Are you running on a non-UTF-8 system?

As far as I can tell, no. I'd be happy to try a test of your choice.

I'm using OS X 10.9, but almost everything else on my system is handling Unicode correctly. I say "almost" because IIRC some programs (TextEdit) still dare offer me "Mac OS Roman" as default encoding.

Regarding -Dfile.encoding=UTF8, most of my JVMs have that option (according to jvisualvm). Eclipse didn't, but still, both in the Scala REPL and in the worksheet, the property seems correctly set. However, setting -Dfile.encoding made a difference, not sure why.

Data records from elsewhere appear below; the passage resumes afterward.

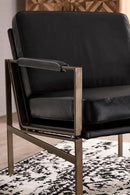 Signature Design by Ashley Puckman Mid-Century Modern Leather Accent Chair, Black by CozyNest Decor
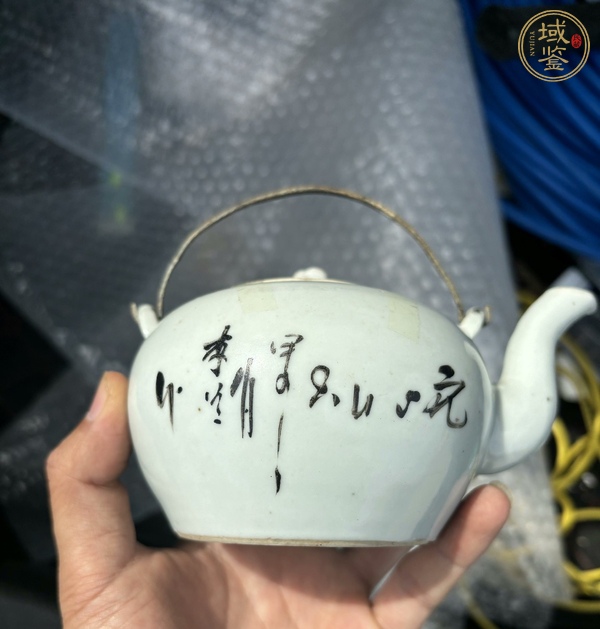 古玩陶瓷淺絳彩花鳥(niǎo)紋提梁壺真品鑒賞圖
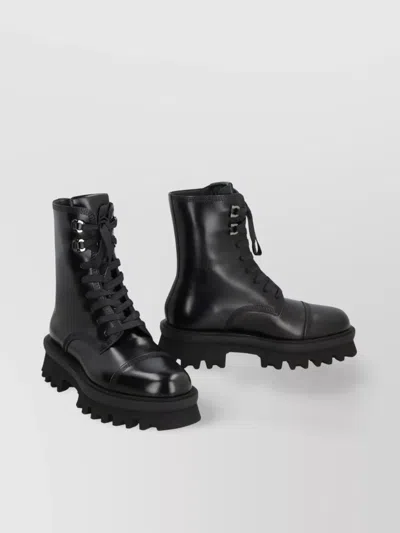 Ferragamo Combat Boots In Brushed Calfskin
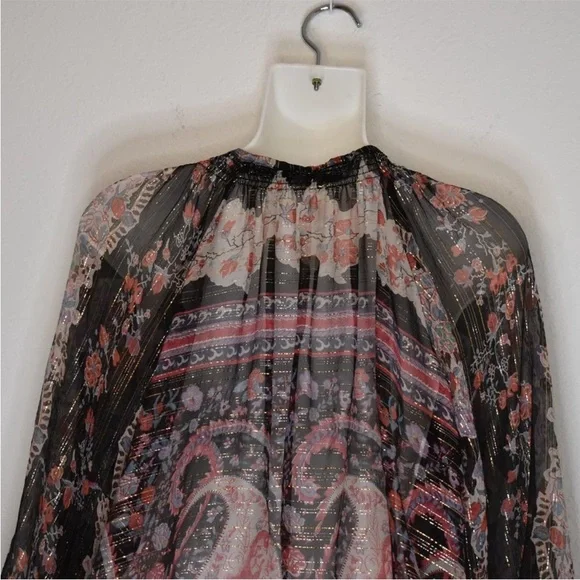 TUCKER Bergdorf Goodman Boho 100% Silk Button Down Sheer Blouse Metallic Size S - Picture 9 of 11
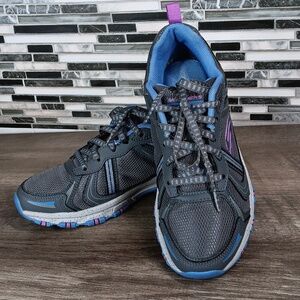 Skechers Women's 6M Charcoal Blue Trail Hiking Walking Sneakers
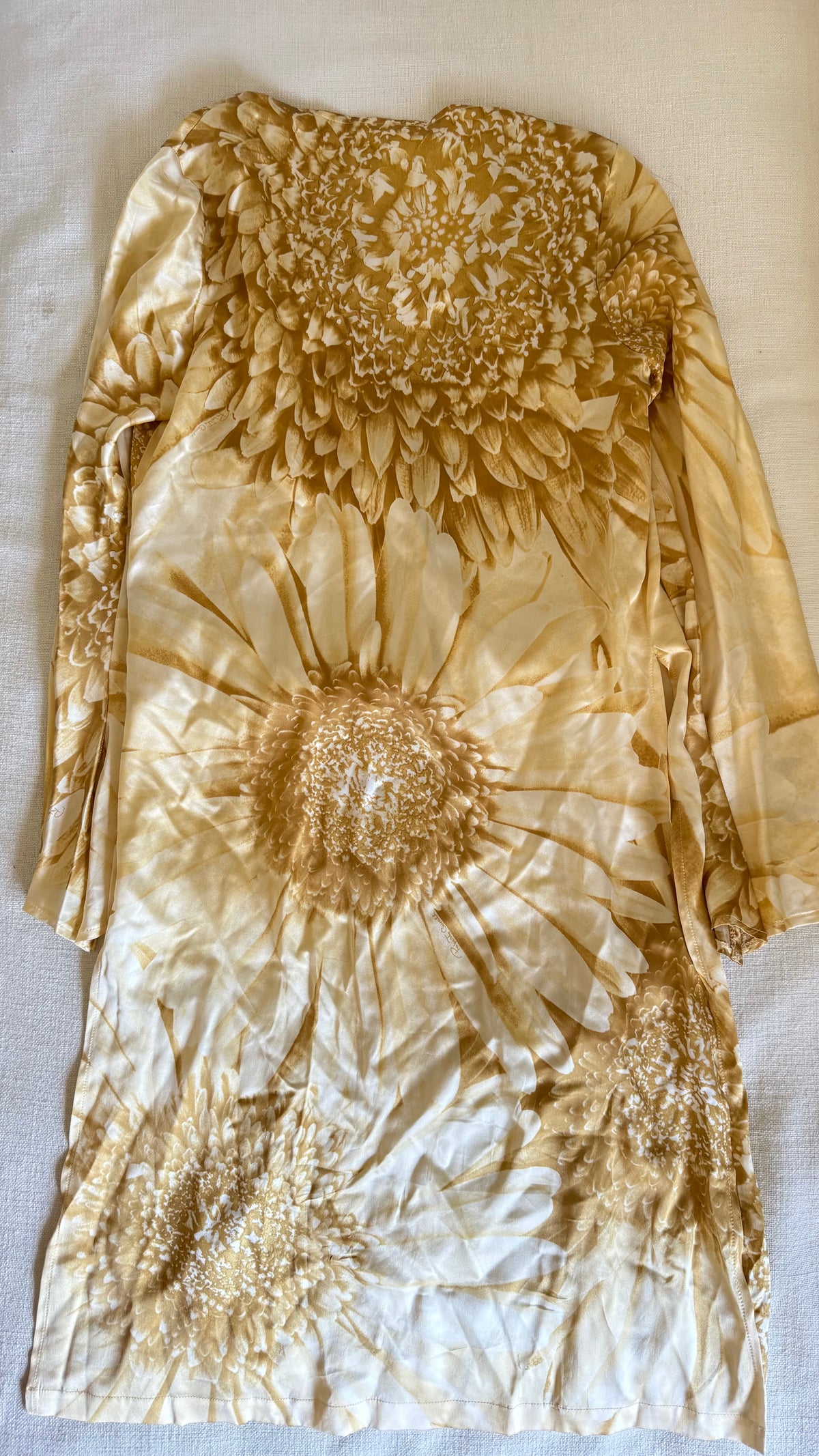 Roberto Cavalli Gold Printed Silk Pajama Set (MULTIPLE WAYS TO WEAR)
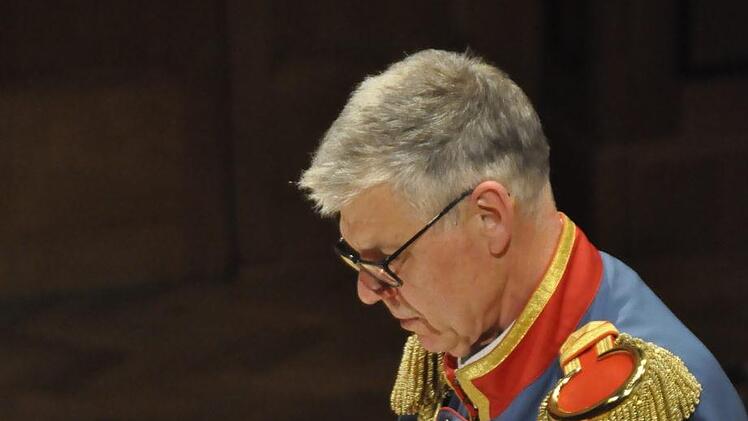Stadtmusikdirektor Bernd Hammer in Aktion. Peter Klopf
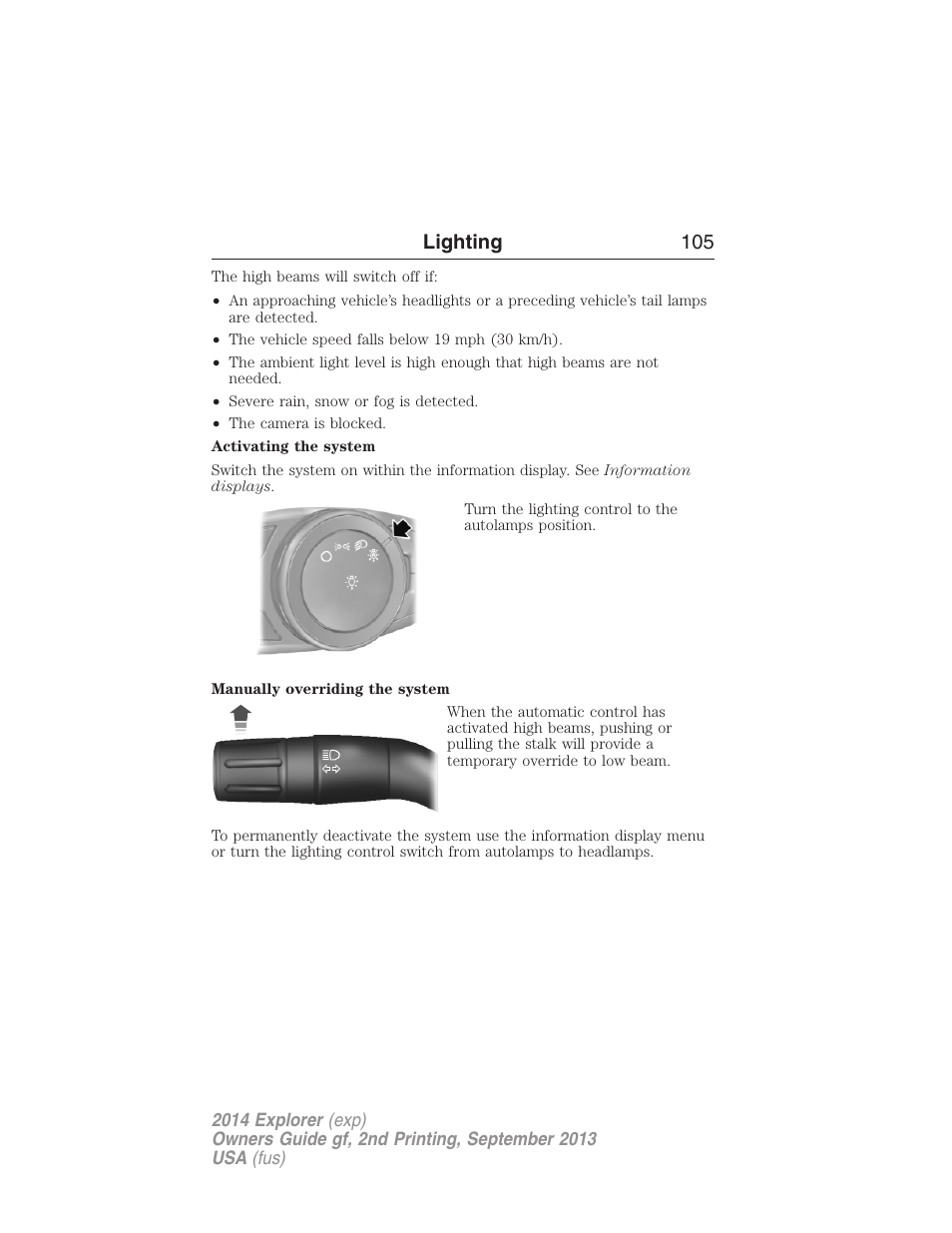 Lighting 105 | FORD 2014 Explorer v.2 User Manual | Page 107 / 593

Scala REPL, both inside and outside Eclipse, and

scala> sys.props("file.encoding")
res4: String = UTF-8

sys.props("file.encoding")                      //> res0: String = UTF-8

Also, from the prompt:

$ locale
LANG="en_US.UTF-8"
LC_COLLATE="en_US.UTF-8"
LC_CTYPE="en_US.UTF-8"
LC_MESSAGES="en_US.UTF-8"
LC_MONETARY="en_US.UTF-8"
LC_NUMERIC="en_US.UTF-8"
LC_TIME="en_US.UTF-8"

Finally, I run this program:

package charset;

public class TestCharset {
  public static void main(String[] args) {
    System.out.println(System.getProperty("file.encoding"));
  }
}

and got this output:

$ java charset.TestCharset
UTF-8

So the default encoding seems to be the right one. But I must be missing something, since -Dfile.encoding=UTF8 made a difference for Eclipse.

skogler commented 10 years ago

I am also getting this issue on a UTF-8 system. All files are correctly configured to use UTF-8. The line splitting in the worksheet messes up the output.